Clara Denny had given the "Solemn Circle" another of her swell fudge-
feasts in her room the night before, and, as usual, had wrecked sleep,
breakfast, and morning recitations for the elect half-dozen, with the
very richness of her hand-brewed lusciousness. They called Clara the
Buxom Lass, and they called her well. She was, physically, a mature
young woman at sixteen, healthy, vigorous, rose-cheeked, plump, and
not uncomely, frolicsome and care-free, with ten dollars a week, "just
for fun." She was a worthy leader of the Solemn Circle of sophomores
which she had organized, each member of which was sacredly sworn to
meet every Friday night for one superb hour of savory sumptuousness--
in the vernacular, "swell feeds."

Clara was a Floridian.

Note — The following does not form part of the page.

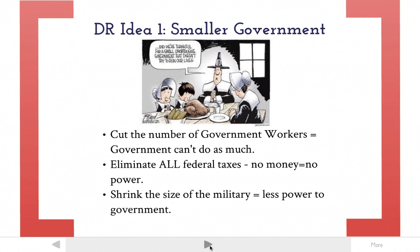Jefferson also eliminates all federal taxes, which means there's very little money for the government to operate on, and therefore very little power that the government will have. Finally, Jefferson shrinks the military that was boosted up by Adams — when there was a threat of war, Adams had boosted up the army and navy, and Jefferson gets rid of much of that. No military power means less power for the government. Those are three things Jefferson did to make the government smaller. Tea partiers today would really like a lot of these things Jefferson did back then.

Her father had shrewdly monopolized the
transfer business in the state's metropolis, and from an humble one-
horse start now operated two-score moving-vans and motor-trucks, and
added substantially, each year, to his real-estate holdings. Mr. Denny
let fall an Irish syllable from time to time, regularly took his
little "nip o' spirits," and ate proverbially long and often. Year
after year passed, with the hardy man a literal cheer-leader in the
Denny household, till his gradually hardening arteries began to leak.